A red fox jumps high above the snow before coming down to pounce on a potential meal. Dawn Wilson/Estes Park Trail-Gazette
Although the ice wasn’t thick enough during my trip for the bears to completely head out to hunt, enough ice formed to entice the bears to venture beyond the shores of Churchill – and beyond where vehicles could drive.
So even though I saw 29 bears during the weeklong visit, many of them were enjoying the opportunity to be on the ice, making viewing opportunities a little trickier than on my previous trips.
But who can complain when you have even one close encounter with a polar bear?
Of the 29 bears, five of them were mothers with cubs – a set of twins and a single cub. Those special moments of watching mamma bears teaching their young about what to do when waiting for the ice are some of my most precious moments in my wildlife photography career.
One cub imitated mom cleaning her paws, wiping her nose and giving sideways glances back at our group. The cub’s version was just in an upside-down manner. The other two cubs obediently followed in a straight line behind mom as she skirted the edge of the willows to stay out of the wind.
A polar bear cub tries to get a different perspective of the two-legged animals on shore. (Dawn Wilson/Estes Park Trail-Gazette)
Other bears included the three that were enjoying some freedom after being released from the polar bear holding facility, an old military aircraft hangar where “misbehaving” bears are held until the ice forms. A subadult polar bear – a bear that is three to six years old – curiously wandered near the road to see what the two-legged animals were doing. Several other bears cruised along the ice flats at high tide hoping to find a seal in the shallow water.
Beyond the large carnivores, red fox were also seen daily. Arctic fox are more native to this tundra habitat than red fox but climate change, bringing its reduced snowpack and warmer temps, has given the latter species the opportunity to expand their range farther north.
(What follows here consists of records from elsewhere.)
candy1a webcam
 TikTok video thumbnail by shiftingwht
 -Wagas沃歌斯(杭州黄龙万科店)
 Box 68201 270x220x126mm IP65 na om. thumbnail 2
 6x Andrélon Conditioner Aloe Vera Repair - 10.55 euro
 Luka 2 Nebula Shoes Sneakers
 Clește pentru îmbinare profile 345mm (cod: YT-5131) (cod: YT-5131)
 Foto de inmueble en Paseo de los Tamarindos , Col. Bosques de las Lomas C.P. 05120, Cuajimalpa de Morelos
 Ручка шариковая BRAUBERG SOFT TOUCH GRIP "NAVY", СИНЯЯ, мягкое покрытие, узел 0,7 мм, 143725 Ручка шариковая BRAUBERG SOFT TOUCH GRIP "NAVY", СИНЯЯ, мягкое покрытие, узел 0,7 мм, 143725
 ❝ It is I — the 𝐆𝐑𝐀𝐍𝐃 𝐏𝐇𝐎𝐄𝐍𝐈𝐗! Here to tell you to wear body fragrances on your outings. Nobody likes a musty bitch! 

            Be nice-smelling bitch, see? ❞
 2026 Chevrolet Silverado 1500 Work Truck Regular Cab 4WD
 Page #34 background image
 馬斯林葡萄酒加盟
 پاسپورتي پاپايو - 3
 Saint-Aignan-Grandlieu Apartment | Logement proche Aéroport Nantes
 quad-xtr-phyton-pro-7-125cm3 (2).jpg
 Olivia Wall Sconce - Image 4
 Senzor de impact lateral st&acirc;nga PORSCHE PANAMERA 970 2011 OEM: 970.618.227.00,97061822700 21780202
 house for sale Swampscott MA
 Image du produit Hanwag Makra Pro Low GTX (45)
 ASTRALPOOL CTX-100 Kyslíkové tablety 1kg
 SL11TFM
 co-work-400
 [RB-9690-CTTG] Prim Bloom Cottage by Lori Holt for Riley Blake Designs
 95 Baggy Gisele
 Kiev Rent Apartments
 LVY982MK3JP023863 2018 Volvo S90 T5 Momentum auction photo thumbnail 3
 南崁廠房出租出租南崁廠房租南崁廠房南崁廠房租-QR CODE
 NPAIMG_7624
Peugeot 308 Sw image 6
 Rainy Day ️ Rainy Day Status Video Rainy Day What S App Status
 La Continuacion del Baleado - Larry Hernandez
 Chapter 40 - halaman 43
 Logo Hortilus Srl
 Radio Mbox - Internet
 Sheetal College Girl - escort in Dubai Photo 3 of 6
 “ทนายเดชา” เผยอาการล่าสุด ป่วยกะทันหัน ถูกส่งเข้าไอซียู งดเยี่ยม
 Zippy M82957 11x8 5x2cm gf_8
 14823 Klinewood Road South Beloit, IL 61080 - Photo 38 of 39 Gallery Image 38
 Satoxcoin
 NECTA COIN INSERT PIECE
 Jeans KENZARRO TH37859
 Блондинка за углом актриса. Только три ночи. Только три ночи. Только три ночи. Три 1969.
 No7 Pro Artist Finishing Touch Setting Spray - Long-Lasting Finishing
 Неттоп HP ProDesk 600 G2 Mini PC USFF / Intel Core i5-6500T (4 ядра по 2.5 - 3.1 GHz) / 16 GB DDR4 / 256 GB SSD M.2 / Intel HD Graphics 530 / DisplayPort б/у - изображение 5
This species of fox is also much larger and more aggressive than their white-coated cousins and have taken over much of the habitat near Churchill.
Even the red fox, however, in coat varieties of silver, cross and red, were fun to see as they pounced into the snow to hunt smaller mammals tunneling below.
After an unsuccessful search for snowy owls, five bull moose – all of the northwestern subspecies of moose that can be as much as 20 percent larger than the Shiras subspecies found in Colorado – were spotted along the edge of the spruce forest.
A keen-eyed guide spotted two arctic hares hiding in plain sight on top of some black Precambrian boulders. A first for me to photograph, these hares are about twice the size of Colorado’s local snowshoe hares and are an abundant food source for lynx, red fox, arctic fox, snowy owls and wolves in the Churchill region. A silver fox showed up sniffing the ground within minutes of the hares hopping away.
Although birds are uncommon in fall and winter in northern Canada as most migrate south to escape the harsh winter conditions, one horned lark sat fluffed up on the side of a road. Hopefully he made it safely out of the area. The only other noted birds were redpolls, a cold-loving finch, and lots of ravens.
Besides the time with the polar bears, the highlight of the Churchill trip came on the last evening when the Northern Lights danced across the night sky. Starting as just a faint streak above downtown Churchill, the green and pink colors grew in intensity before being washed away by incoming clouds.
Few places in North America offer the combined experiences of rare arctic wildlife viewing, skies filled with waves of green, and a village rich in Indigenous peoples and European history as that found in Churchill, Manitoba.